Enrique’s Journey chronicles the life of a young boy who is from Tegucigalpa, Honduras, and his quest to reunite with his mother who left him at the age of five to find work in the United States.
Enrique’s mother, Lourdes struggles in Honduras to support her younger children, Belky and Enrique. She knows that she will not be able to send her children to school past the third grade, and does not want them to grow up as she did, in extreme poverty. Like many other single Latina mothers in recent decades, Lourdes leaves her home and her family to travel to the United States so that she might send money home for her children.
Young Enrique has no idea why his mother has left, and his family in Honduras does not give him straight answers. Over the years, Enrique is shuffled from one family home to another, while his sister Belky attends a good school and is well cared for by their aunt. Enrique is forced to sell food and spices when still a child, in order to help pay for family expenses. He lives with his paternal grandmother for most of his young life but is eventually kicked out of her home when he begins to rebel. Frustrated with his mother, his own issues of abandonment, and the death of his beloved uncle, Enrique turns to drugs for comfort. His family and his girlfriend, Maria Isabel, try to intervene but make little headway.
Enrique begins his journey to the United States because he feels abandoned and thinks that his mother is the only one who would accept him and truly love. He travels on top of trains, changing trains many times from Honduras to the US-Mexico border. He is caught many times and thrown off the train by immigration officers. He is robbed and beaten. Read the heartbreaking story to find out if Enrique is successful in reaching the United States and if he finds his mother, and how many attempts it takes him to reach the United States without getting caught.

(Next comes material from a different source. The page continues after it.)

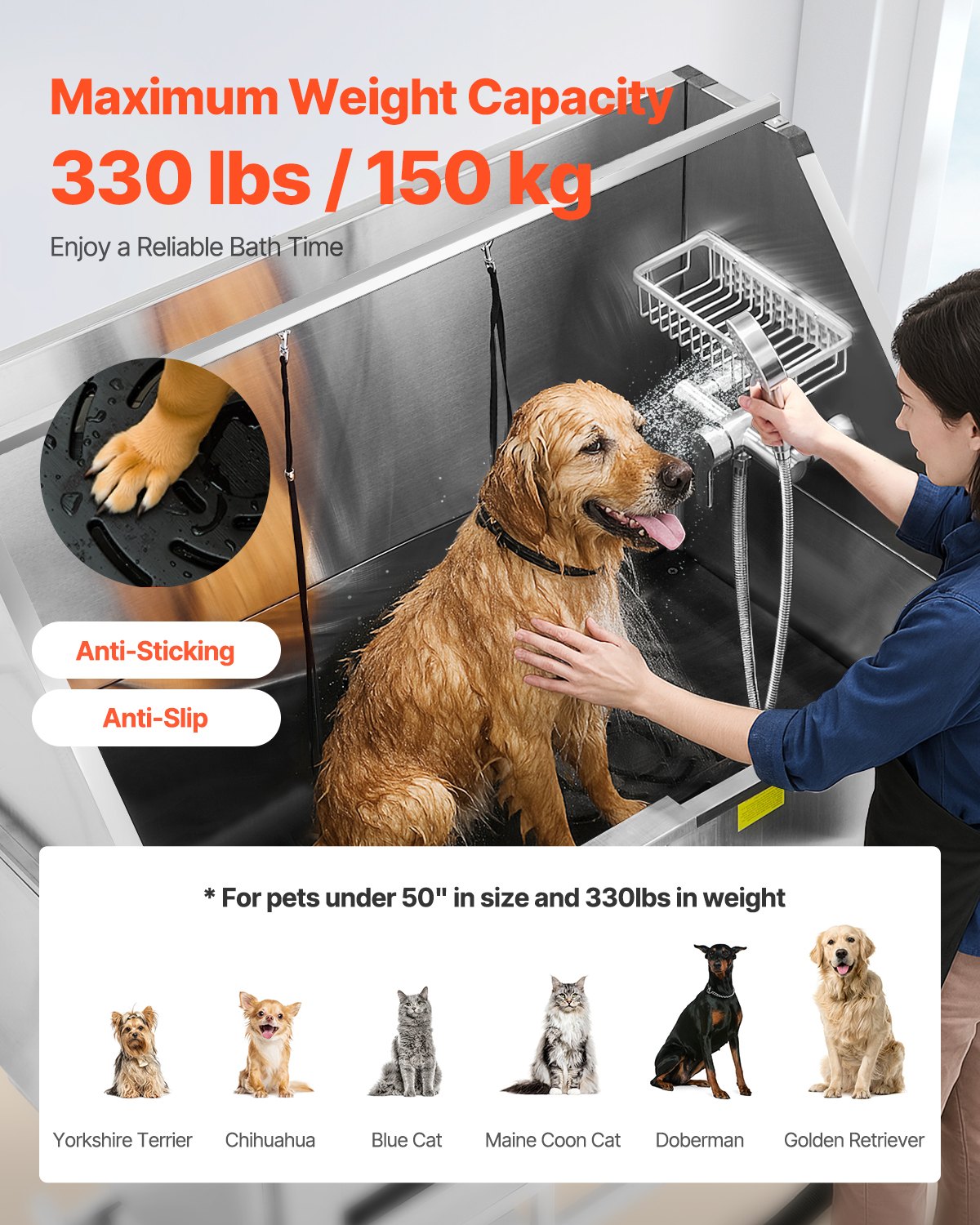 VEVOR Estación de Lavado de Perros con Elevación Eléctrica, Bañera de Acero Inoxidable 127 cm con Filtro de Agua de Polietileno, Grifo y Cabezal de Ducha, Fregadero para Mascotas, Puerta Derecha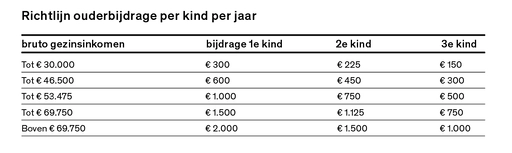 tabel ouderbijdrage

Throughout this book, the author exposes the harsh realities of immigration. The author states that this book is not fiction and in many ways, it is her own true story. She suggests that separation between a mother and her child, as experienced by Lourdes and Enrique, is not beneficial in the long run. Resentment, anger, and frustration lead to lasting emotional damage and misunderstandings. It is a really good book though it is a sad, yet true story!